Sentry is a developer-first error tracking and performance monitoring platform. An authenticated user can mute alert rules from arbitrary organizations and projects with a know rule ID. The user does not need to be a member of the organization or have permissions on the project. In our review, we have identified no instances where alerts have been muted by unauthorized parties. A patch was issued to ensure authorization checks are properly scoped on requests to mute alert rules. Authenticated users who do not have the necessary permissions are no longer able to mute alerts. Sentry SaaS users do not need to take any action. Self-Hosted Sentry users should upgrade to version 24.9.0 or higher. The rule mute feature was generally available as of 23.6.0 but users with early access may have had the feature as of 23.4.0. Affected users are advised to upgrade to version 24.9.0. There are no known workarounds for this vulnerability.
The system’s authorization functionality does not prevent one user from gaining access to another user’s data or record by modifying the key value identifying the data.

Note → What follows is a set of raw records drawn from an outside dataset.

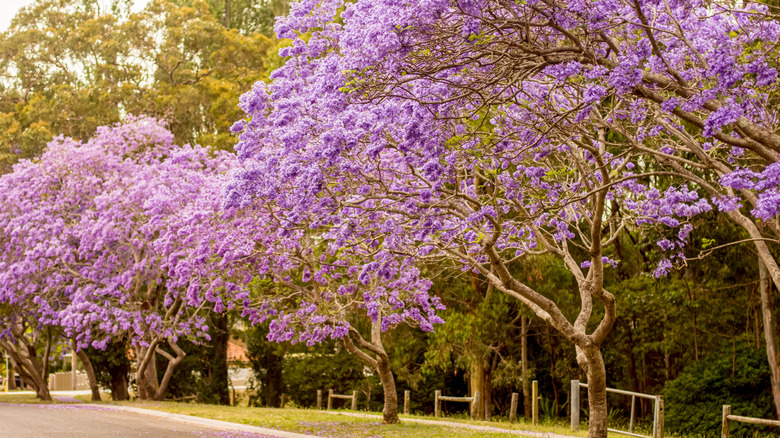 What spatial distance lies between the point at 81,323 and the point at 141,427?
23.7 ft

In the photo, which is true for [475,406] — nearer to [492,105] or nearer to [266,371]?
[266,371]

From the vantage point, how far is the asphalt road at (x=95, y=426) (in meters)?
14.4

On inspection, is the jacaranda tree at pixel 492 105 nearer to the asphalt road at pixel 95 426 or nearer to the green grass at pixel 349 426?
the green grass at pixel 349 426

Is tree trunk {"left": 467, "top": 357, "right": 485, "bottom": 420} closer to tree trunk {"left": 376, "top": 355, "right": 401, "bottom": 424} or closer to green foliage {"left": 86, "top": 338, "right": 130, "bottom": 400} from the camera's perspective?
tree trunk {"left": 376, "top": 355, "right": 401, "bottom": 424}

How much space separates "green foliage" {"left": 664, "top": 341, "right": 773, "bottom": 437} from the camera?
61.8 ft

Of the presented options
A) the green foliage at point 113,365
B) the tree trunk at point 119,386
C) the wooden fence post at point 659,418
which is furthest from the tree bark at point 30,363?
the wooden fence post at point 659,418

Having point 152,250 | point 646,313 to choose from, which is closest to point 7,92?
point 152,250

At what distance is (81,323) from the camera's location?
22.4m

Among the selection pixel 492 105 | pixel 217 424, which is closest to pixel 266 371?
pixel 217 424

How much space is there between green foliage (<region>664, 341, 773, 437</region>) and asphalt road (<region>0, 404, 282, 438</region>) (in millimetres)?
10209

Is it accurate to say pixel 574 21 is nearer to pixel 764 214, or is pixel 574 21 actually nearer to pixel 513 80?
pixel 513 80

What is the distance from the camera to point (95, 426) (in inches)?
639

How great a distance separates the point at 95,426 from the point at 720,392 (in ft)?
44.2

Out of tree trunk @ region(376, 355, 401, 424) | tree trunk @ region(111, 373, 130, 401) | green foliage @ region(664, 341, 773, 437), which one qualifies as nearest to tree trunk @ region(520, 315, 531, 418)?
green foliage @ region(664, 341, 773, 437) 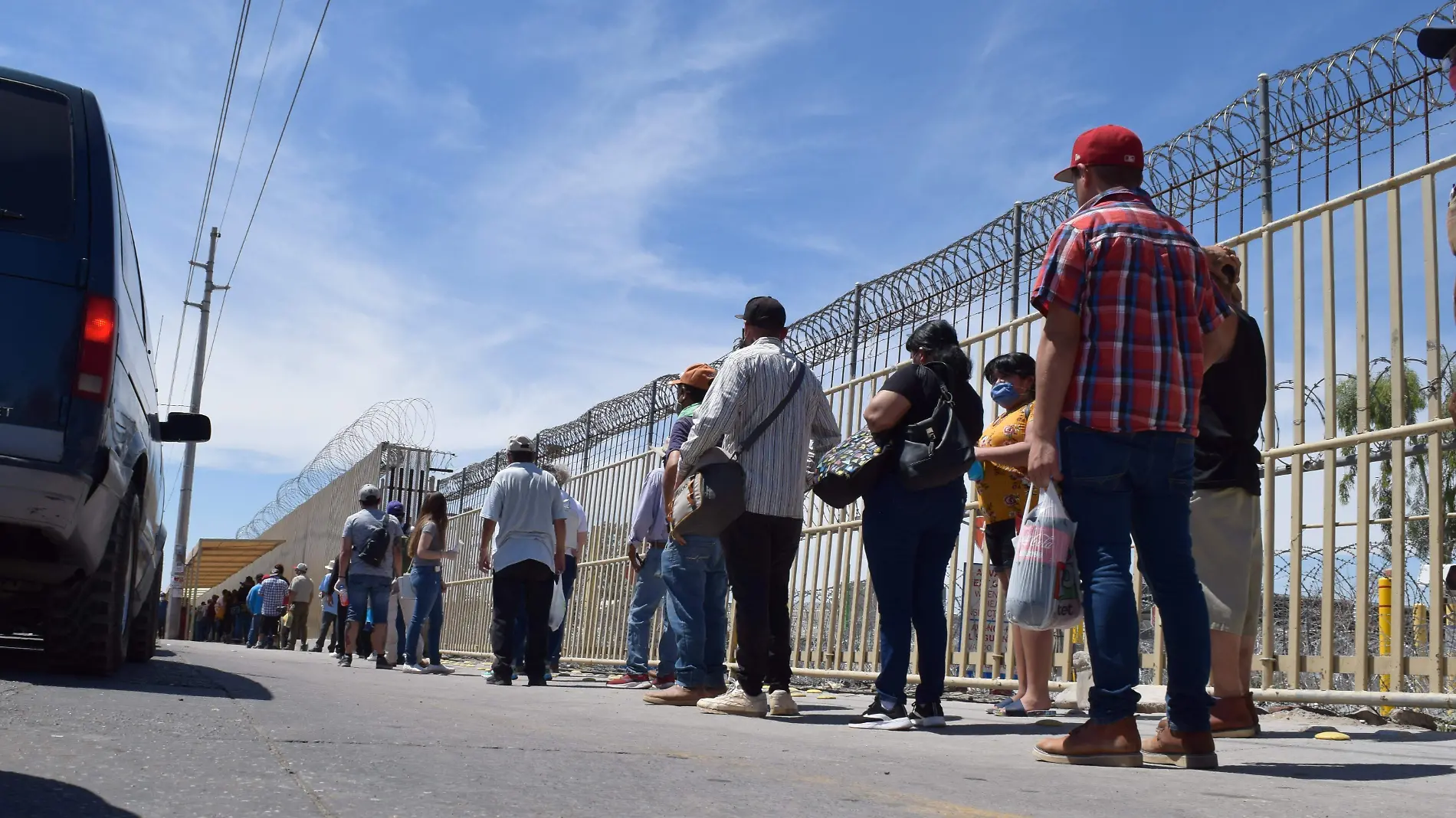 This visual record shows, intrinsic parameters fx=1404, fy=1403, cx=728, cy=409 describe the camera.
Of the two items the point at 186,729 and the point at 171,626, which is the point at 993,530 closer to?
the point at 186,729

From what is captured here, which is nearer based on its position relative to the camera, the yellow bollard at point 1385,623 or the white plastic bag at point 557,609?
the yellow bollard at point 1385,623

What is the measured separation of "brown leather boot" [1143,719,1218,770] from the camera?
3.92m

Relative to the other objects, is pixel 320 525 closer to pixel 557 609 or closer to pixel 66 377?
pixel 557 609

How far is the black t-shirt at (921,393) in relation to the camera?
219 inches

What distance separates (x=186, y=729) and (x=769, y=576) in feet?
9.61

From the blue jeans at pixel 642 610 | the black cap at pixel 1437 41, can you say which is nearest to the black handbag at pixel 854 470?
the black cap at pixel 1437 41

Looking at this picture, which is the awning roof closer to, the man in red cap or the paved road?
the paved road

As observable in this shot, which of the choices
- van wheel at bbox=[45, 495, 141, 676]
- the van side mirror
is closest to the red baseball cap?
van wheel at bbox=[45, 495, 141, 676]

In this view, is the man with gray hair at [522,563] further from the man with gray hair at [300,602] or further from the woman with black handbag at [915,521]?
the man with gray hair at [300,602]

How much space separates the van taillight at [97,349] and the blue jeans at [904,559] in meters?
2.82

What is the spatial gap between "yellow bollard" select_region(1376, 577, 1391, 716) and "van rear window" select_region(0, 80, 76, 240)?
5.33 meters

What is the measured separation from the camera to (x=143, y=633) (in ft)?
24.9

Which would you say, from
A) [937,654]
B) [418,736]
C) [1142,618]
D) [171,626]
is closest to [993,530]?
[937,654]

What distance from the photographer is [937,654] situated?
5730mm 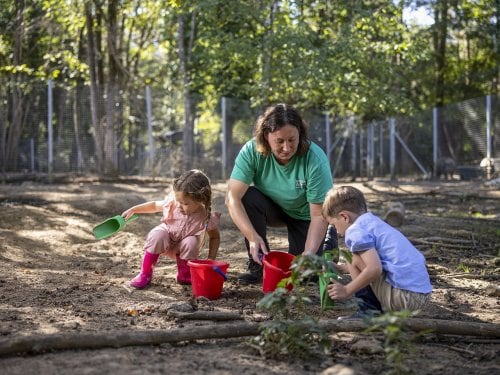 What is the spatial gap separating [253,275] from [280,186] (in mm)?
651

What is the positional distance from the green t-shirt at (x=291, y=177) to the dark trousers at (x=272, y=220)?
5cm

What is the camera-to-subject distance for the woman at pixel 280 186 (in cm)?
397

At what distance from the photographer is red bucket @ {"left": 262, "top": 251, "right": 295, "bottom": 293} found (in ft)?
12.0

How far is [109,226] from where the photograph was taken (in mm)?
4609

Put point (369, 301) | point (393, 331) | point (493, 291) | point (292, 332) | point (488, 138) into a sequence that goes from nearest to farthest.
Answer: point (393, 331), point (292, 332), point (369, 301), point (493, 291), point (488, 138)

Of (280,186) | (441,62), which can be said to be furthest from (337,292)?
(441,62)

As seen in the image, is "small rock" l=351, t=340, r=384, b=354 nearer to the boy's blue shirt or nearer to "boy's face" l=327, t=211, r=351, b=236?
the boy's blue shirt

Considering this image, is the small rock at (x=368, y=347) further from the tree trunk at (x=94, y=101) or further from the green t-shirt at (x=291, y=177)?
the tree trunk at (x=94, y=101)

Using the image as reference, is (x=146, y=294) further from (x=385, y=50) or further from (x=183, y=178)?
(x=385, y=50)

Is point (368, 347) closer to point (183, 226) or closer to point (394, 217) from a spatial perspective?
point (183, 226)

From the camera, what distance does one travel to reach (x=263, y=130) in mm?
4102

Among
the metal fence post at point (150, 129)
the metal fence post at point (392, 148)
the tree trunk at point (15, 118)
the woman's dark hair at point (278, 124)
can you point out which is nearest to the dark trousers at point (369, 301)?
the woman's dark hair at point (278, 124)

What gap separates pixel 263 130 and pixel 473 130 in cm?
1309

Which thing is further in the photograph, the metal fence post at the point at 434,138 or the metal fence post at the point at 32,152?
the metal fence post at the point at 434,138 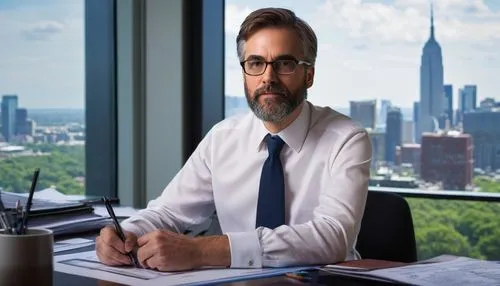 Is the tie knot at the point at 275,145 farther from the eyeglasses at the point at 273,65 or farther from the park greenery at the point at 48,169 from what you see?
the park greenery at the point at 48,169

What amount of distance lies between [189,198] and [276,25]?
0.59 metres

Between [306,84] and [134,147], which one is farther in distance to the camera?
[134,147]

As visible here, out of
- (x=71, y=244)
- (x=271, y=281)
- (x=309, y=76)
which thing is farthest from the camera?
(x=309, y=76)

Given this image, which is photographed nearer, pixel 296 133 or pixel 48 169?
pixel 296 133

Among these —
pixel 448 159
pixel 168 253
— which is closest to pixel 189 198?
pixel 168 253

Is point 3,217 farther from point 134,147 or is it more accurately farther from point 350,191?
point 134,147

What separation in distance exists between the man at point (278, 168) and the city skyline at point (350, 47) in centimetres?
97

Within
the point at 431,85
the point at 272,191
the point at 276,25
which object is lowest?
the point at 272,191

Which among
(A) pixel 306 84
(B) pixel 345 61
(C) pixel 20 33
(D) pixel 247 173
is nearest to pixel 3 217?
(D) pixel 247 173

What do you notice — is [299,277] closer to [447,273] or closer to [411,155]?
[447,273]

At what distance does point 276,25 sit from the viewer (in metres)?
2.14

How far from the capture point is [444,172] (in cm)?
310

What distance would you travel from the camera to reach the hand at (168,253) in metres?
1.65

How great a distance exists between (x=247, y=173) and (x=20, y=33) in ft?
4.69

Name | Vendor | Start Version | End Version |
---|---|---|---|
Sentry | Sentry | 23.4.0 (including) | 24.9.0 (excluding) |
Retrieval of a user record occurs in the system based on some key value that is under user control. The key would typically identify a user-related record stored in the system and would be used to lookup that record for presentation to the user. It is likely that an attacker would have to be an authenticated user in the system. However, the authorization process would not properly check the data access operation to ensure that the authenticated user performing the operation has sufficient entitlements to perform the requested data access, hence bypassing any other authorization checks present in the system. For example, attackers can look at places where user specific data is retrieved (e.g. search screens) and determine whether the key for the item being looked up is controllable externally. The key may be a hidden field in the HTML form field, might be passed as a URL parameter or as an unencrypted cookie variable, then in each of these cases it will be possible to tamper with the key value. One manifestation of this weakness is when a system uses sequential or otherwise easily-guessable session IDs that would allow one user to easily switch to another user’s session and read/modify their data.